4,70 Stern(e) 14 Bewertungen

Ralf Langer

Mitglied
Stilleben

Du siehst viel fern
In dem möblierten Zimmer
Zerkaust das Bilderflimmern
Mit den Augen
Und lässt die Sonnenstrahlen
Von Ost nach West
Ganz unerhört
Über das Dach und seine Schindeln
Trommeln

Es ist schon spät
Du sitzt im Eck
Auf deinem Bett
Das dich den Schlaf
Nicht finden lässt
Blickst auf das schiefe Bild von dir
Gegenüber an der Wand
Daneben steht der Schrank
Darin die Kluft
Die dich vom Leben
trennt

Und schließlich dann
Frühmorgens schon
Sitzt du am reinen Tisch
Ein fahler Mond kratzt
drohend über deine
Fensterscheibe
Du dämmerst leicht
Du nickst
Und kehrst am Ende
Diesen Tag mit zu den Anderen
Unter deinen Teppich
 

Vera-Lena

Mitglied
Traurig, traurig!
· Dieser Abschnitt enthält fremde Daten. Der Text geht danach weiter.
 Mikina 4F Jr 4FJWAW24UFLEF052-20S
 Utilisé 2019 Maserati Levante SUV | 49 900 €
Ich kann immer gar nicht glauben, dass es das gibt, aber wenn es so da steht, dann gibt es das auch.

Gekonnt die Formulierungen, die Gegensätzliches ausdrücken und deshalb den Inhalt aber nicht aufheben, sondern noch verstärken:

Unerhört trommeln die Sonnenstrahlen über das Dach

Das Bild, das man von sich selbst hat, ist schon von vornherein schief.
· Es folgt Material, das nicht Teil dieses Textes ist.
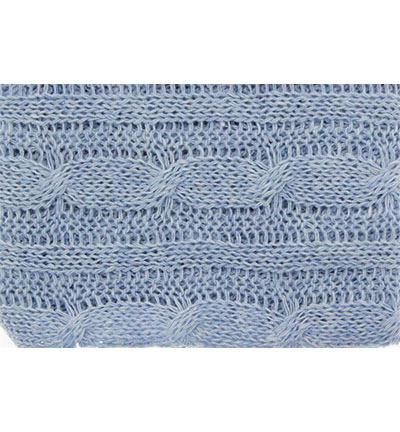240165-04 - Stafil - Knit, Light Blue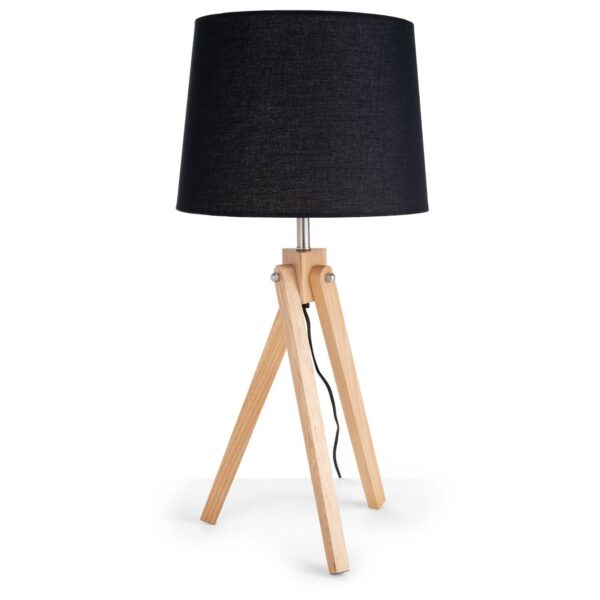 Table Lamp TL01 مصباح ترابيزة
Morgens ist der Tisch rein, denn am Abend wurde ja wie immer alles unter den Teppich gekehrt.

Es fehlt Dir nicht an Mitteln, lieber Ralf, deutlich zu machen, dass man sich auch dem Leben verweigern kann oder dass man das Gefühl hat, dass sich das Leben einem selbst verweigert.
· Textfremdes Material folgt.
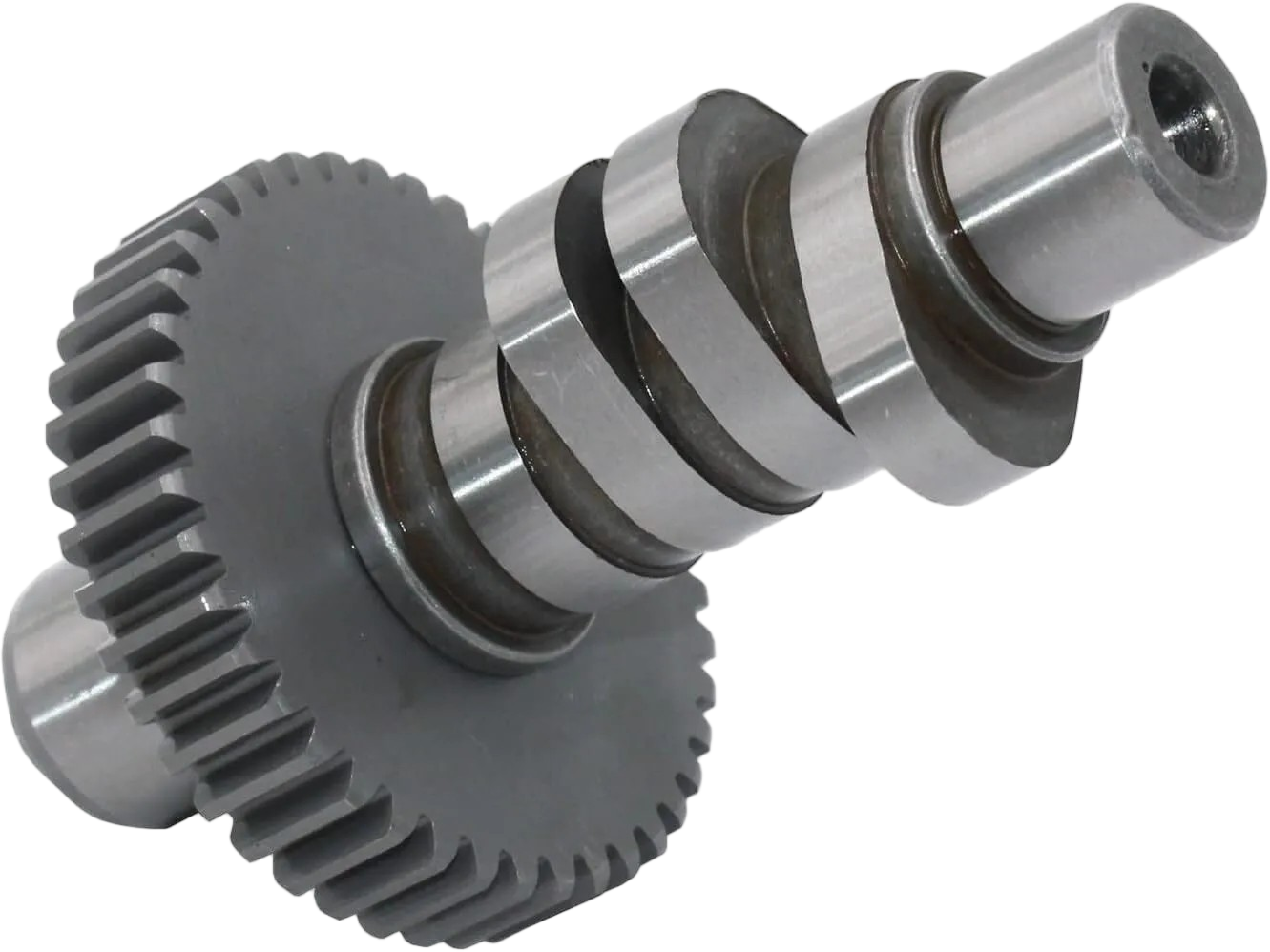 motorcycle camshaft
Da ist einer außen draußen, wie man es weiter nicht sein kann.

Ein gelungener Text!

Liebe Grüße
Vera-Lena
 

Ralf Langer

Mitglied
ja traurig,
aber wenn man nachts durch die strassen der stadt läuft
und das fernsehflimmern sieht wie es aus den fenstern hinaus quillt,
liegt der gedanke nahe...

hab dank für deine ausführliche kommentierung

lg
ralf
 
B

Beba

Gast
Düster! Berührt etwas ganz tief im Innern! Gefällt mir.

Ciao,
Bernd
 
R

Rose

Gast
Hallo Ralf,

dein Gedicht kann treffender nicht sein. Es hat mich sehr berührt.

Liebe Grüße
Rose
 

Ralf Langer

Mitglied
hallo zusammen,
habt dank fuer eure kommentare.

ein versuch von mir ueber die einsamkeit in menschen. alles ist anseinem platz, alles ist falsch und die rufe von ausserhalb bleiben unerhoert oder sind bedrohlich.
wie oft verschlingt die zeit ein leben
ohne das es wirklich statt findet?
lg
ralf
 

Mistralgitter

Mitglied
Dieser Text mit seinen außergewöhnlichen, dicht gepackten und geradezu schmerzenden Bildern über ein vereinsamtes und misslingendes Leben beeindruckt mich sehr.